Simon was already stripping; shoving his retracted blades into his belt, he shrugged his jacket to the ground and pulled his shirt up and over his head, and instantly Jace was there, kneeling with his stele in his hand. Simon bit down on his bunched-up shirt to muffle his pained hisses as the _adamas_ wand flowed across his chest, carving black bars of musical Marks into his skin. The melody they made unspooled in his head, dazzling ripples of golden sound as Jace swiftly scribed their measures onto his body – rapid piano-flurry speed, deep bass strength, soft chiming night-vision, unfinished _iratzes_ missing vital beats, ready to be completed quickly if he was injured – the inimical opposite of Abigor's sick song.

"They're on their way," Jace said without pausing from his work. "Alec and Magnus are going to pick up Izzy, and then Magnus will portal them all here." _Sigilo. Silminvar. Xorti. Tharros. _They whispered their secret names to Simon and sang their strength through his skin, kissing him with fire, with stealth, with blessed aim and luck and courage_._ He could feel each one, pulsing, singing, each voice and instrument being woven into a chorus of power. "By the Angel, I don't dare give you any of the permanent runes, not like this!"

"It's fine, it'll be enough," Simon forced out around his shirt.

Jace pushed up the leg of Simon's jeans and drew a last Mark above his ankle; _surefooted_, and it snapped and crackled with percussive thrill, a sharp dubstep measure. "That's all we have time for."

Simon shook out his shirt and pulled it back on. Part of him had registered that Alec was with Magnus, and was distantly pleased for him, but the rest of him was sharp and cold and could hear black feathers rustling like silk and wind behind the music of his Marks. "How long will it take them to get here?"

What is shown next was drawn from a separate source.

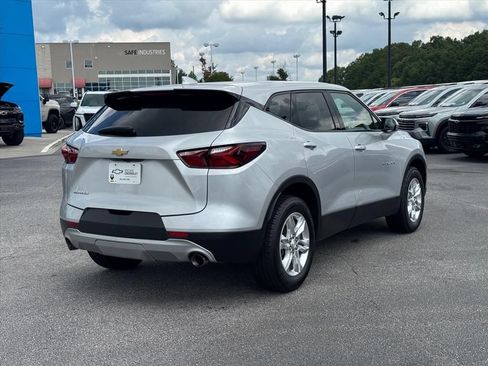 Used 2022 Chevrolet Blazer LT FWD image 3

"Twenty minutes." Quick, clear, without ostentation. Battle-trained and battle-ready; Jace unfolded to his feet and drew a blade. _"Kabshiel."_

"Tell me about Abigor," Simon ordered, putting his jacket back on. Kabshiel had taken a shape that Simon hadn't seen before, a wide-bladed sabre. Its light turned Jace's hair to star-touched silver.

"It commands sixty legions of lesser demons. A General. When the demons find a new world to attack and devour, Abigor's one of those who plans the campaigns. There's been no recorded sighting of it in nearly four hundred years." Jace's golden skin was washed pale by his seraph blade, but his voice didn't waver. "The texts say it knows the secrets of war and prophecy."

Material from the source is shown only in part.